- Your goal
The task requires repeating, word for word, the lines from the one with "Porsche Cayenne (2022) thumbnail 4" through the end of the material, leaving out all pictures.
□ □ □ □
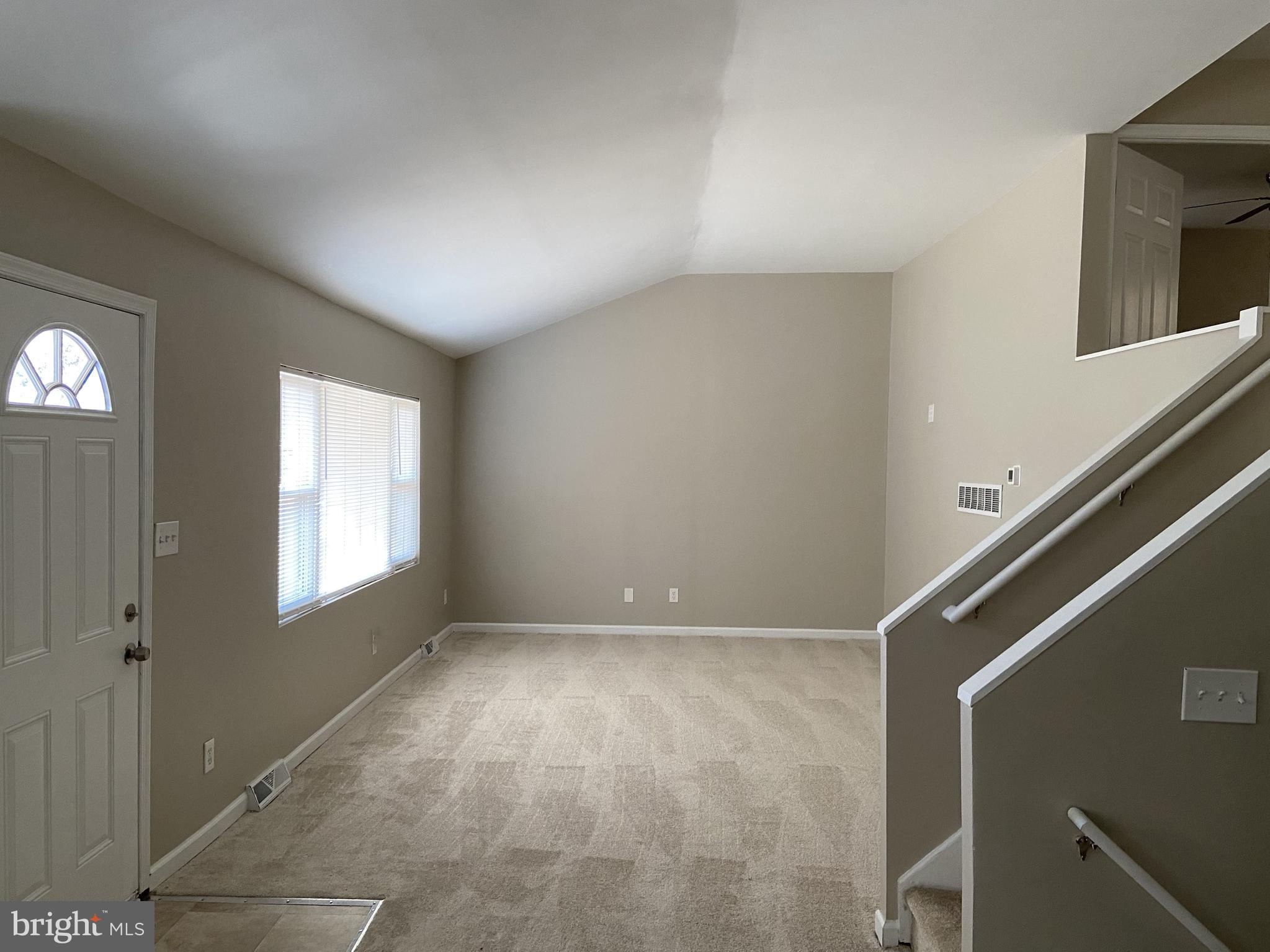 82 West Stephen Drive Newark, DE 19713 - Photo 9 of 17 a view of an empty room with a window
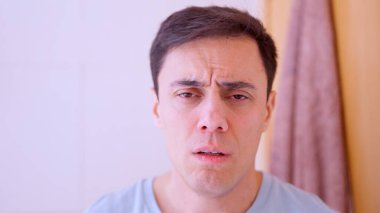 Evde fiziksel rahatsızlığı olan bir adam.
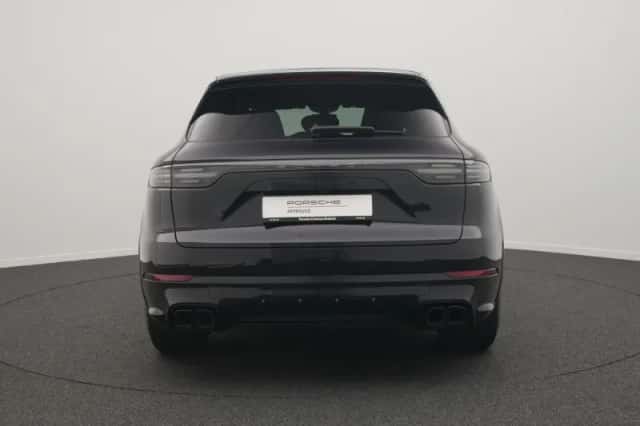 Porsche Cayenne (2022) thumbnail 4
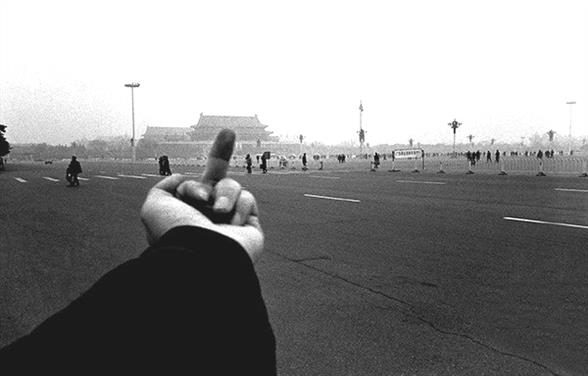Ai Weiwei Never Sorry 2012 LCnViSMp 8 10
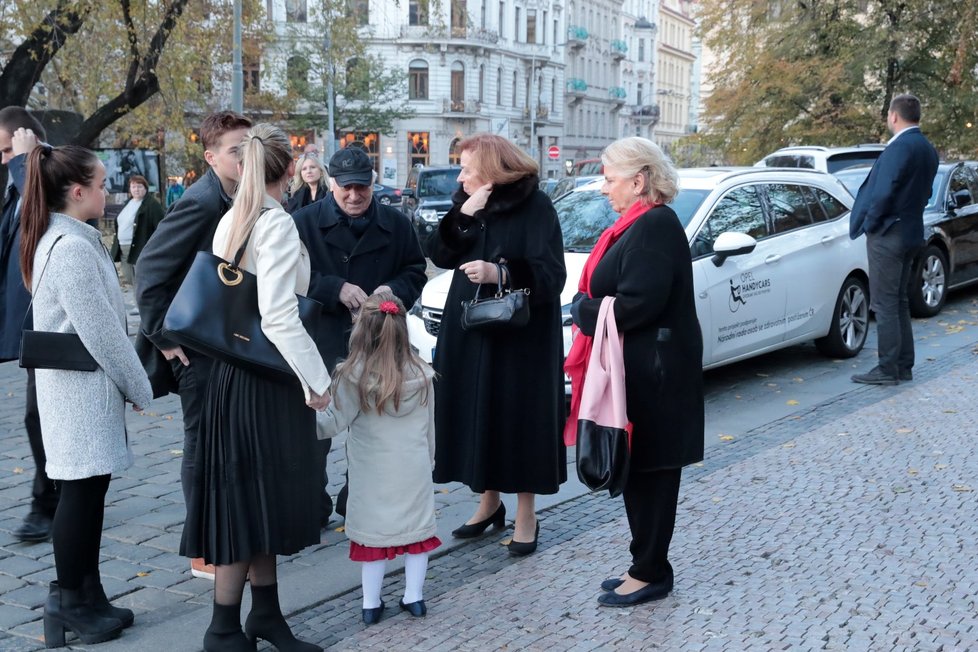 Livia Klausová slaví 75. narozeniny. Oslavy začaly o několik dní dříve na slavnostní mši. Na snímku Ladislav Jakl (6. 11. 2018).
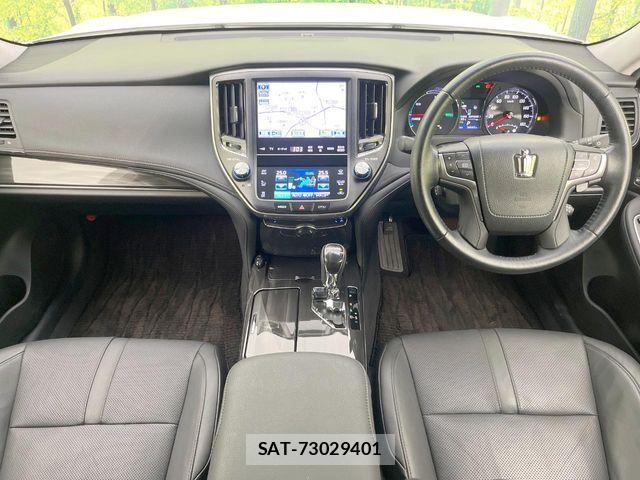 Toyota CROWN SEDAN 2013-09 8685355-1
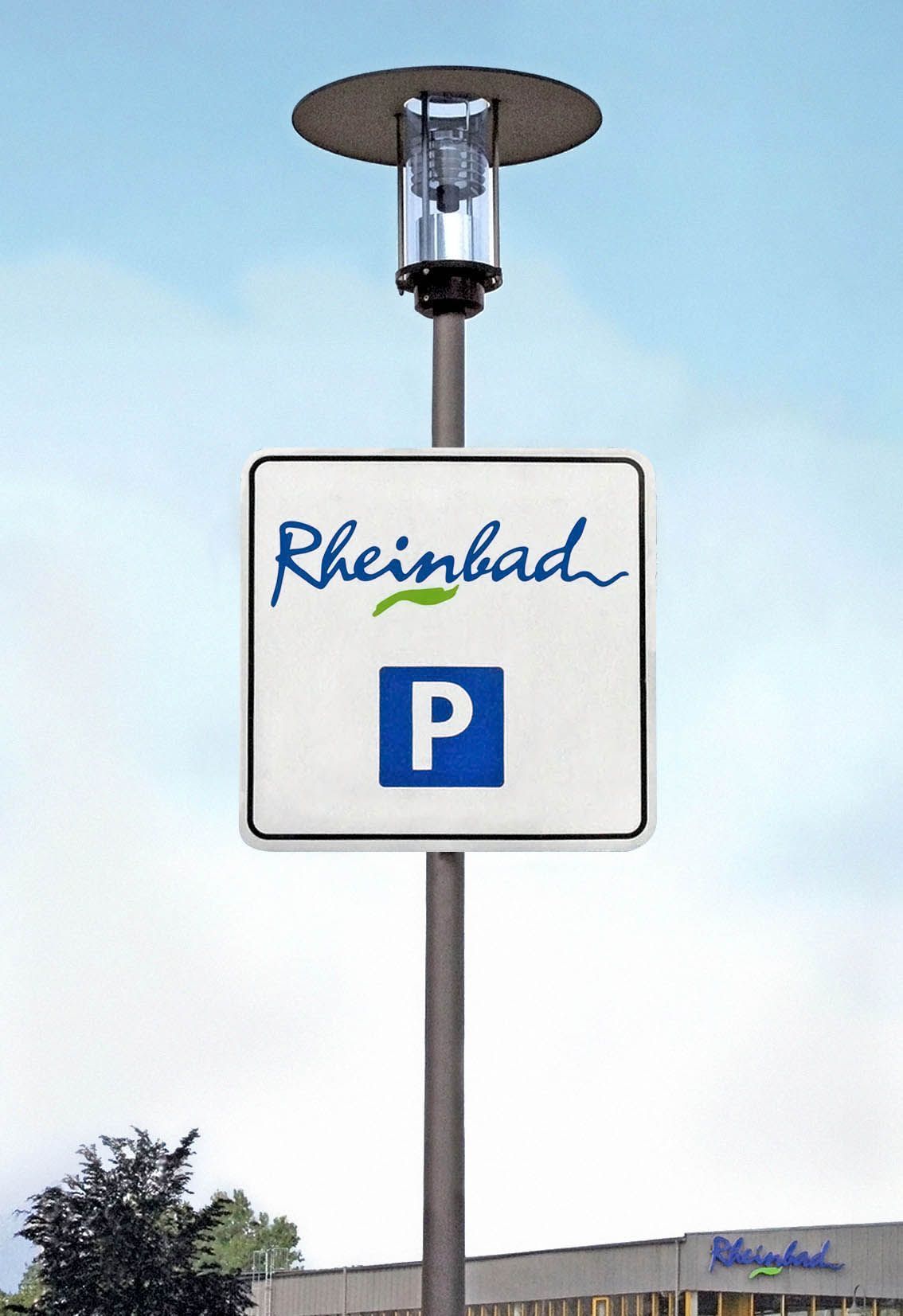 Rheinbadschild Parkplatzschild mit Rheinbadlogo am Laternenpfahl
□ □ □ □
- Written answer
 Porsche Cayenne (2022) thumbnail 4
Ai Weiwei Never Sorry 2012 LCnViSMp 8 10
 Livia Klausová slaví 75. narozeniny. Oslavy začaly o několik dní dříve na slavnostní mši. Na snímku Ladislav Jakl (6. 11. 2018).
 Toyota CROWN SEDAN 2013-09 8685355-1
 Rheinbadschild Parkplatzschild mit Rheinbadlogo am Laternenpfahl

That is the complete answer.